The protest is denied.

Susan A. Poling
General Counsel



[1] The agency concedes that the award decision contained what it termed a “mistakenly transposed clerical error” where it referenced a price realism analysis in the award decision.  Legal Memorandum at 7; AR, exh. 12, Award Decision Document, at 11.  However, the agency states that the contracting officer did not perform a price realism analysis.  Contracting Officer’s Statement at 15.  Our review of the entire record does not lead us to question the agency’s statement.  Importantly, the award decision references a price realism analysis in the technical evaluation board’s summary, yet a review of that document does not mention such a review.  See generally AR, exh. 11, Consensus Evaluation Summary.

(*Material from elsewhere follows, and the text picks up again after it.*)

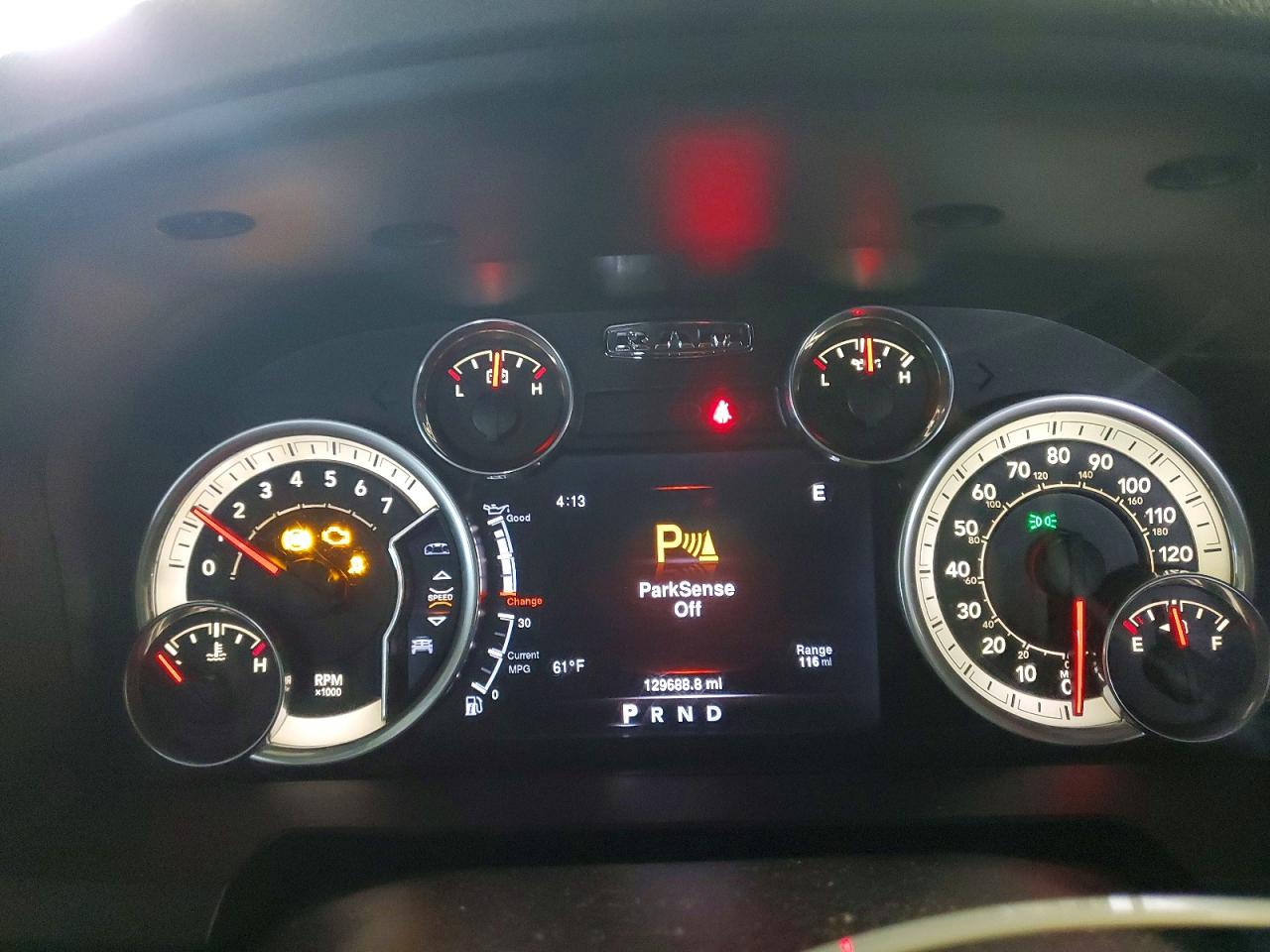 2016 RAM 1500 SLT photo 17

[2] For instance, the protester alleges that the agency unreasonably assigned a weakness to the firm’s proposal for neglecting to identify any inherent problems or obstacles associated with the objectives of the procurement.  Supp. Protest at 7.  The agency argues that DKW’s proposal on this aspect was not sufficient to be awarded a strength because its proposed approach was viewed as offering the status quo.  Legal Memorandum at 8-9.  However, the agency then argues that since the proposal did not warrant a strength, the agency reasonably determined that this was a flaw, and assigned DKW’s proposal a weakness.  Id. at 9.  It does not follow that if some aspect of a proposal is not a strength, it is a weakness, and the record does not adequately support the agency’s rationale in this regard.